A 2015 study by the Office for National Statistics showed that young Britons were more likely to be teetotallers than their parents.

According to Global Status Report on Alcohol and Health, published by the World Health Organization in 2011, close to half of the world's adult population (45 per cent) are lifetime abstainers. The Eastern Mediterranean Region, consisting of the Muslim countries in the Middle East and North Africa, is by far the lowest alcohol-consuming region in the world, both in terms of total adult per-capita consumption and prevalence of non-drinkers, i.e., 87.8 per cent lifetime abstainers.
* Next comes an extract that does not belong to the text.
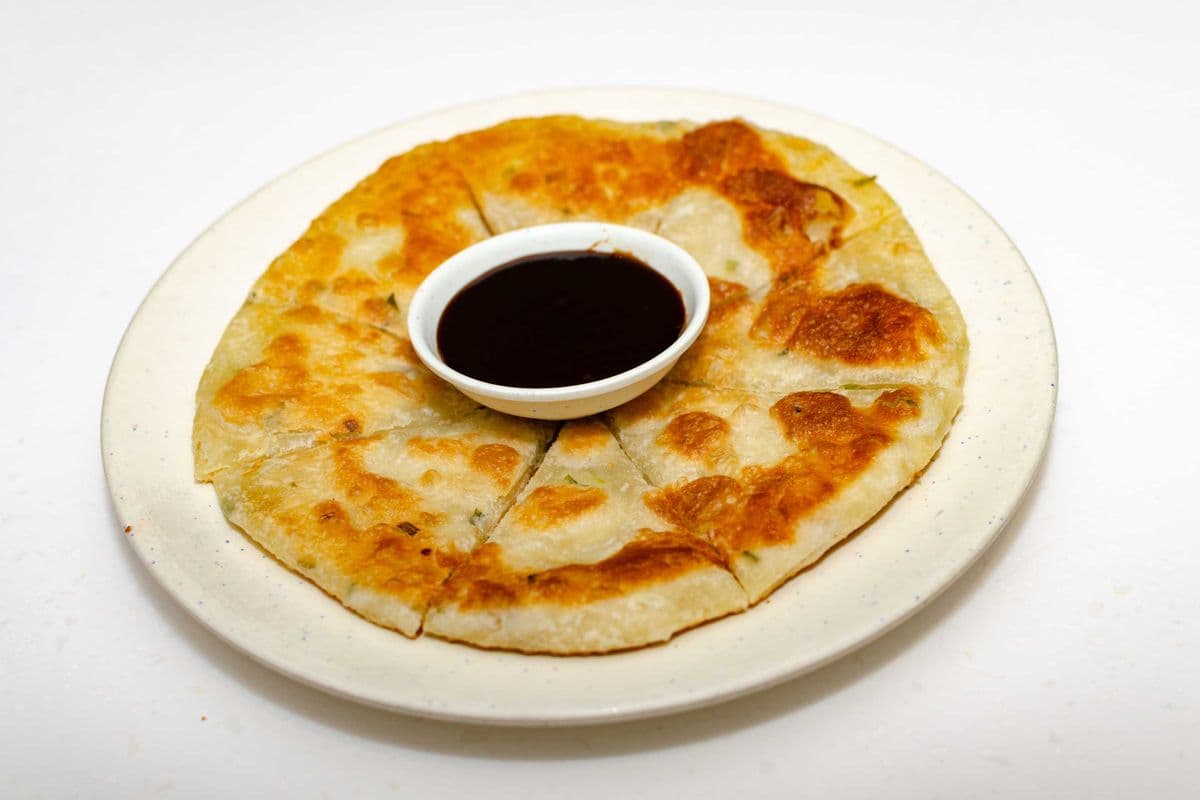 Pan-fried Green Onion Pancake 蔥油餅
=== Millennials and Generation Z ===
In the United States, teetotalism has become increasingly common amongst younger generations, particularly millennials and those of Generation Z. A study published in April 2023 by the International Wine and Spirits Record (IWSR) revealed that millennials were key drivers of no-alcohol growth in the United States, with 45% of no-alcohol beer consumers in the US being millennials. By April 2024, that figure was 61%. The reasons given were primarily attributed to lifestyle and functionality.
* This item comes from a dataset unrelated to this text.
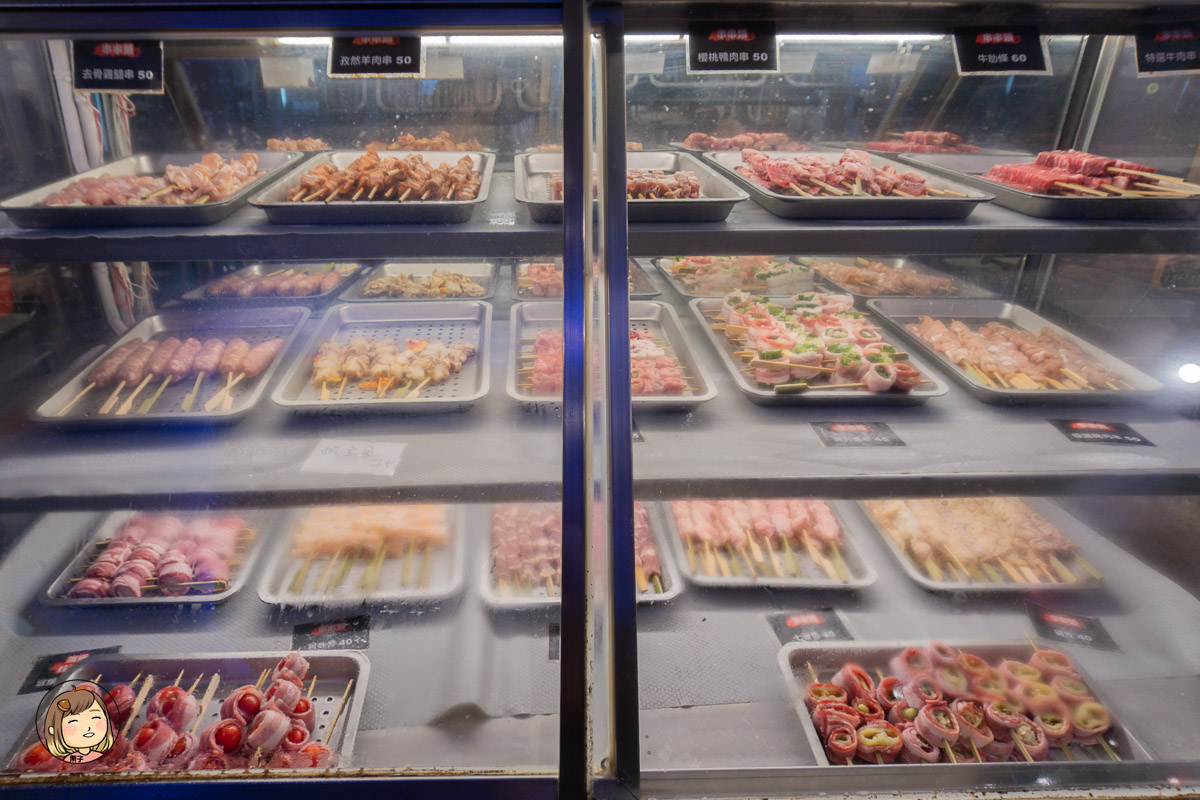 新莊串燒Bar推薦｜公園燒烤：飛鏢、美食、微醺宵夜一次滿足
A similar study published by the National Public Health Information Coalition in 2022 revealed that millennials and Gen Zers were more likely to embrace sobriety than drinking culture with a survey indicating that 57% of these individuals would rather go to the gym for an hour than go out to a bar, and 69% finding heavy drinking culture boring. The common reasons given for Gen Zers were maintaining control over their lives, prioritising productivity, and regulating their physical and mental health.
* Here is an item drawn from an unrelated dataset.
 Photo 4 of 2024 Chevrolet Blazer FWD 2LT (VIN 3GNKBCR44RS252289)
By 2025, that number of active drinkers plummeted to 50% among adults aged 18–34, according to Gallup data. This 22-point drop from historic highs is expected to persist through 2026, as nearly 65% of Generation Z reports an active intention to further reduce consumption or abstain entirely due to financial constraints and heightened health consciousness. TT13 is a more recent, international movement focused on a drug-free lifestyle rather than on a particular music scene or genre, unlike straight edge.

==Notable advocates==

This is a list of notable figures who practiced teetotalism and were public advocates for temperance, teetotalism or both. To be included in this list, individuals must be well known for their abstention from alcohol, their advocacy efforts or both. Individuals whose abstention from alcohol is not a defining characteristic or feature of their notability are excluded.
- Albert Barnes – American theologian, clergyman, abolitionist, temperance advocate and author
- Hugh Bourne – English clergyman and one of the joint founders of Primitive Methodism
- George N. Briggs – 19th governor of Massachusetts, from 1844 to 1851
- Neal Dow – American Prohibition advocate and mayor of Portland, Maine, from 1851 to 1852 and from 1855 to 1856
- Stuart Hamblen – American entertainer and Prohibition Party candidate for the US presidency in the 1952 presidential election
- Lucy Webb Hayes – wife of Rutherford B. Hayes and First Lady of the United States from 1877 to 1881
- Tom Holland – British actor in films such as Spider-Man: Homecoming, Spider-Man: Far From Home and Spider-Man: No Way Home. He launched the low-alcohol beer company BERO.
- Ian MacKaye – American punk rock musician, whose work with the band Minor Threat influenced the creation of the straight edge subculture.
- Carrie Nation – American who was a radical member of the temperance movement, which opposed alcohol before the advent of Prohibition. Nation is noted for attacking alcohol-serving establishments (most often taverns) with a hatchet.
- Arnold Nordmeyer – 6th leader of the New Zealand Labour Party between 1963 and 1965.
- Robert Rutkowski – Polish psychologist, psychotherapist and author known for his advocacy of sobriety and education on addiction issues.
- Donald Trump – American 45th and 47th president who has abstained from alcohol throughout his life due to his older brother’s history of alcohol abuse. Trump has often publicly shared this family history as a personal warning against addiction and substance abuse.